TASK REQUIREMENTS |
Each record needs to be echoed exactly; can you do that?
________
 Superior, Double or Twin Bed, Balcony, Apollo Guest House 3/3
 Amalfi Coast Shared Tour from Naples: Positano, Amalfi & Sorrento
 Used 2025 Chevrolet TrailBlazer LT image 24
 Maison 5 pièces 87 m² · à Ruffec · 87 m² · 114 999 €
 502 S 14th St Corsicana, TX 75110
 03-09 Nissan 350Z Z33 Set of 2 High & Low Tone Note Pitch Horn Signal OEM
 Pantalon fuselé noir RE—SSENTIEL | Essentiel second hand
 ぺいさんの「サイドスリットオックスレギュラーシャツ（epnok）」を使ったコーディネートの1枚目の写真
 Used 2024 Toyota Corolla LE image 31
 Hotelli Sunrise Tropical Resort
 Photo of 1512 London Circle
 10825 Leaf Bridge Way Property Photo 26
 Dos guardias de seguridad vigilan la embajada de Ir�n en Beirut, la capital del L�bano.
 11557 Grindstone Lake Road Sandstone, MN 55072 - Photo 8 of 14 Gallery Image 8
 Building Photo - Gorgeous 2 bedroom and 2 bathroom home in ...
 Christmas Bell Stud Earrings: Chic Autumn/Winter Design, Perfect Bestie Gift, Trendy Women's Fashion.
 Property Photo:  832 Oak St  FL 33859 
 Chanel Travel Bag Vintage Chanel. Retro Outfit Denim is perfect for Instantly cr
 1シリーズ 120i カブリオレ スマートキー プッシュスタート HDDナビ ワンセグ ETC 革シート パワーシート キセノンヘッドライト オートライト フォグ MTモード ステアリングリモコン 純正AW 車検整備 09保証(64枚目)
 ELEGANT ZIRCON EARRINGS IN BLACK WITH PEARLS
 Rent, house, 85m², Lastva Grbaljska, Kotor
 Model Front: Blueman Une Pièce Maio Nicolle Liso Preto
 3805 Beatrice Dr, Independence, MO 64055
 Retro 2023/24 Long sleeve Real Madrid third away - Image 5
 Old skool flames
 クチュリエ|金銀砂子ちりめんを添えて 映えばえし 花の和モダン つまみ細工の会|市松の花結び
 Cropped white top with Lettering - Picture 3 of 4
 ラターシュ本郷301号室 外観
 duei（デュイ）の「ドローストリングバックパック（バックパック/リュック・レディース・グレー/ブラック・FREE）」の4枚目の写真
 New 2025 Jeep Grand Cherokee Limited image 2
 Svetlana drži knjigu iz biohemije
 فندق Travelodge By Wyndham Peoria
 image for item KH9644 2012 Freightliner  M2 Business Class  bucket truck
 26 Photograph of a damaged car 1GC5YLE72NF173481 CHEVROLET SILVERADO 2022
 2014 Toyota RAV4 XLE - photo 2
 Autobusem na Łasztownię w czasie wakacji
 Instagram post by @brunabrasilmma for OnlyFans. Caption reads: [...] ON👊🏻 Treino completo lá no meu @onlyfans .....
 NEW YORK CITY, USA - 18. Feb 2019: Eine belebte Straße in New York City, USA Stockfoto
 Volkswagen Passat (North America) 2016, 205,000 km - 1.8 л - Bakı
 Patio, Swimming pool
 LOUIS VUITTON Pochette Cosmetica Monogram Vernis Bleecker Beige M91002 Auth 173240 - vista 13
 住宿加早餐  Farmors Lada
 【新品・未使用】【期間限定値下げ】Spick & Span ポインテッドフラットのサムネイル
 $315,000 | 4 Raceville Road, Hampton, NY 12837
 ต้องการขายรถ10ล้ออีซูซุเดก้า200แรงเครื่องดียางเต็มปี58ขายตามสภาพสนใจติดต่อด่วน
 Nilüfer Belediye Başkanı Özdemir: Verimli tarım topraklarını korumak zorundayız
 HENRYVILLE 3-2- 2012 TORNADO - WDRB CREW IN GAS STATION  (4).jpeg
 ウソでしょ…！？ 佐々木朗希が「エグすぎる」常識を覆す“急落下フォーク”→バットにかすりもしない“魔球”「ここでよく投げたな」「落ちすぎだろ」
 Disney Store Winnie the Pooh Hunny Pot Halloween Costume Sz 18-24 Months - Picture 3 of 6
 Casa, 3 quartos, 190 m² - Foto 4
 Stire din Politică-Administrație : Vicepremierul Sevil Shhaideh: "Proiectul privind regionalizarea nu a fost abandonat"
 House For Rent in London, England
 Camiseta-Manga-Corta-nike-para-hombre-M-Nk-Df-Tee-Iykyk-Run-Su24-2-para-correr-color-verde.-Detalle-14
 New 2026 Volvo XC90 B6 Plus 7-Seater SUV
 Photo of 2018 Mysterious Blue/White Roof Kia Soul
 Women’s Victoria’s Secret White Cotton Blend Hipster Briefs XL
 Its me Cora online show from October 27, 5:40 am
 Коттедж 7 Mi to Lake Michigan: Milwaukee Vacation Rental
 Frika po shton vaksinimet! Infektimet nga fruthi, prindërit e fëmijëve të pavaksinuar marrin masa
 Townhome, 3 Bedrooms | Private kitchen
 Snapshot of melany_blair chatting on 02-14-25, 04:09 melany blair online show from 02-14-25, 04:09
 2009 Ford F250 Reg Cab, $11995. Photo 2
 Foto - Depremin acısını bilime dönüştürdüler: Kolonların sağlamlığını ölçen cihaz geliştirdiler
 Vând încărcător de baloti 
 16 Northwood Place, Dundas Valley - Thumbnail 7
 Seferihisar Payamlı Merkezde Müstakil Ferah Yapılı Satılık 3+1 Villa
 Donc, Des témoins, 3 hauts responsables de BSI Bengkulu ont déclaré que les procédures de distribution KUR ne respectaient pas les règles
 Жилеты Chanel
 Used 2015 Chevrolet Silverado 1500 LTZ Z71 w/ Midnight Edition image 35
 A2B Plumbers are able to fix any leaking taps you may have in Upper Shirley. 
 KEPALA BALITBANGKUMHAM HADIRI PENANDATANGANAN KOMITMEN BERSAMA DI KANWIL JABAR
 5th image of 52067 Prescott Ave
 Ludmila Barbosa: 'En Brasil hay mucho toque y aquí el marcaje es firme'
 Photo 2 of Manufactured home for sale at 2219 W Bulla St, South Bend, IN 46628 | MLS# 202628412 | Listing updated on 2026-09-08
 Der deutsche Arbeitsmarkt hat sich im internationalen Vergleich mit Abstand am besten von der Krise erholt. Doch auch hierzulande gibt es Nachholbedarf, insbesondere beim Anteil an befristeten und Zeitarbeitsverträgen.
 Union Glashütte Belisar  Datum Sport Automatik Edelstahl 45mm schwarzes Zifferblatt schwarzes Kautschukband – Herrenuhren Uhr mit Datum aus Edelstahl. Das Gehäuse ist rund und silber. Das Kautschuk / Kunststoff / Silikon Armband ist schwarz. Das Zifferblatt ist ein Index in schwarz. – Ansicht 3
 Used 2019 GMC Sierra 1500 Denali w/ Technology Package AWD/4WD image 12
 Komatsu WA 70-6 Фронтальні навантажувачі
________
WORKED SOLUTION |
 Superior, Double or Twin Bed, Balcony, Apollo Guest House 3/3
 Amalfi Coast Shared Tour from Naples: Positano, Amalfi & Sorrento
 Used 2025 Chevrolet TrailBlazer LT image 24
 Maison 5 pièces 87 m² · à Ruffec · 87 m² · 114 999 €
 502 S 14th St Corsicana, TX 75110
 03-09 Nissan 350Z Z33 Set of 2 High & Low Tone Note Pitch Horn Signal OEM
 Pantalon fuselé noir RE—SSENTIEL | Essentiel second hand
 ぺいさんの「サイドスリットオックスレギュラーシャツ（epnok）」を使ったコーディネートの1枚目の写真
 Used 2024 Toyota Corolla LE image 31
 Hotelli Sunrise Tropical Resort
 Photo of 1512 London Circle
 10825 Leaf Bridge Way Property Photo 26
 Dos guardias de seguridad vigilan la embajada de Ir�n en Beirut, la capital del L�bano.
 11557 Grindstone Lake Road Sandstone, MN 55072 - Photo 8 of 14 Gallery Image 8
 Building Photo - Gorgeous 2 bedroom and 2 bathroom home in ...
 Christmas Bell Stud Earrings: Chic Autumn/Winter Design, Perfect Bestie Gift, Trendy Women's Fashion.
 Property Photo:  832 Oak St  FL 33859 
 Chanel Travel Bag Vintage Chanel. Retro Outfit Denim is perfect for Instantly cr
 1シリーズ 120i カブリオレ スマートキー プッシュスタート HDDナビ ワンセグ ETC 革シート パワーシート キセノンヘッドライト オートライト フォグ MTモード ステアリングリモコン 純正AW 車検整備 09保証(64枚目)
 ELEGANT ZIRCON EARRINGS IN BLACK WITH PEARLS
 Rent, house, 85m², Lastva Grbaljska, Kotor
 Model Front: Blueman Une Pièce Maio Nicolle Liso Preto
 3805 Beatrice Dr, Independence, MO 64055
 Retro 2023/24 Long sleeve Real Madrid third away - Image 5
 Old skool flames
 クチュリエ|金銀砂子ちりめんを添えて 映えばえし 花の和モダン つまみ細工の会|市松の花結び
 Cropped white top with Lettering - Picture 3 of 4
 ラターシュ本郷301号室 外観
 duei（デュイ）の「ドローストリングバックパック（バックパック/リュック・レディース・グレー/ブラック・FREE）」の4枚目の写真
 New 2025 Jeep Grand Cherokee Limited image 2
 Svetlana drži knjigu iz biohemije
 فندق Travelodge By Wyndham Peoria
 image for item KH9644 2012 Freightliner  M2 Business Class  bucket truck
 26 Photograph of a damaged car 1GC5YLE72NF173481 CHEVROLET SILVERADO 2022
 2014 Toyota RAV4 XLE - photo 2
 Autobusem na Łasztownię w czasie wakacji
 Instagram post by @brunabrasilmma for OnlyFans. Caption reads: [...] ON👊🏻 Treino completo lá no meu @onlyfans .....
 NEW YORK CITY, USA - 18. Feb 2019: Eine belebte Straße in New York City, USA Stockfoto
 Volkswagen Passat (North America) 2016, 205,000 km - 1.8 л - Bakı
 Patio, Swimming pool
 LOUIS VUITTON Pochette Cosmetica Monogram Vernis Bleecker Beige M91002 Auth 173240 - vista 13
 住宿加早餐  Farmors Lada
 【新品・未使用】【期間限定値下げ】Spick & Span ポインテッドフラットのサムネイル
 $315,000 | 4 Raceville Road, Hampton, NY 12837
 ต้องการขายรถ10ล้ออีซูซุเดก้า200แรงเครื่องดียางเต็มปี58ขายตามสภาพสนใจติดต่อด่วน
 Nilüfer Belediye Başkanı Özdemir: Verimli tarım topraklarını korumak zorundayız
 HENRYVILLE 3-2- 2012 TORNADO - WDRB CREW IN GAS STATION  (4).jpeg
 ウソでしょ…！？ 佐々木朗希が「エグすぎる」常識を覆す“急落下フォーク”→バットにかすりもしない“魔球”「ここでよく投げたな」「落ちすぎだろ」
 Disney Store Winnie the Pooh Hunny Pot Halloween Costume Sz 18-24 Months - Picture 3 of 6
 Casa, 3 quartos, 190 m² - Foto 4
 Stire din Politică-Administrație : Vicepremierul Sevil Shhaideh: "Proiectul privind regionalizarea nu a fost abandonat"
 House For Rent in London, England
 Camiseta-Manga-Corta-nike-para-hombre-M-Nk-Df-Tee-Iykyk-Run-Su24-2-para-correr-color-verde.-Detalle-14
 New 2026 Volvo XC90 B6 Plus 7-Seater SUV
 Photo of 2018 Mysterious Blue/White Roof Kia Soul
 Women’s Victoria’s Secret White Cotton Blend Hipster Briefs XL
 Its me Cora online show from October 27, 5:40 am
 Коттедж 7 Mi to Lake Michigan: Milwaukee Vacation Rental
 Frika po shton vaksinimet! Infektimet nga fruthi, prindërit e fëmijëve të pavaksinuar marrin masa
 Townhome, 3 Bedrooms | Private kitchen
 Snapshot of melany_blair chatting on 02-14-25, 04:09 melany blair online show from 02-14-25, 04:09
 2009 Ford F250 Reg Cab, $11995. Photo 2
 Foto - Depremin acısını bilime dönüştürdüler: Kolonların sağlamlığını ölçen cihaz geliştirdiler
 Vând încărcător de baloti 
 16 Northwood Place, Dundas Valley - Thumbnail 7
 Seferihisar Payamlı Merkezde Müstakil Ferah Yapılı Satılık 3+1 Villa
 Donc, Des témoins, 3 hauts responsables de BSI Bengkulu ont déclaré que les procédures de distribution KUR ne respectaient pas les règles
 Жилеты Chanel
 Used 2015 Chevrolet Silverado 1500 LTZ Z71 w/ Midnight Edition image 35
 A2B Plumbers are able to fix any leaking taps you may have in Upper Shirley. 
 KEPALA BALITBANGKUMHAM HADIRI PENANDATANGANAN KOMITMEN BERSAMA DI KANWIL JABAR
 5th image of 52067 Prescott Ave
 Ludmila Barbosa: 'En Brasil hay mucho toque y aquí el marcaje es firme'
 Photo 2 of Manufactured home for sale at 2219 W Bulla St, South Bend, IN 46628 | MLS# 202628412 | Listing updated on 2026-09-08
 Der deutsche Arbeitsmarkt hat sich im internationalen Vergleich mit Abstand am besten von der Krise erholt. Doch auch hierzulande gibt es Nachholbedarf, insbesondere beim Anteil an befristeten und Zeitarbeitsverträgen.
 Union Glashütte Belisar  Datum Sport Automatik Edelstahl 45mm schwarzes Zifferblatt schwarzes Kautschukband – Herrenuhren Uhr mit Datum aus Edelstahl. Das Gehäuse ist rund und silber. Das Kautschuk / Kunststoff / Silikon Armband ist schwarz. Das Zifferblatt ist ein Index in schwarz. – Ansicht 3
 Used 2019 GMC Sierra 1500 Denali w/ Technology Package AWD/4WD image 12
 Komatsu WA 70-6 Фронтальні навантажувачі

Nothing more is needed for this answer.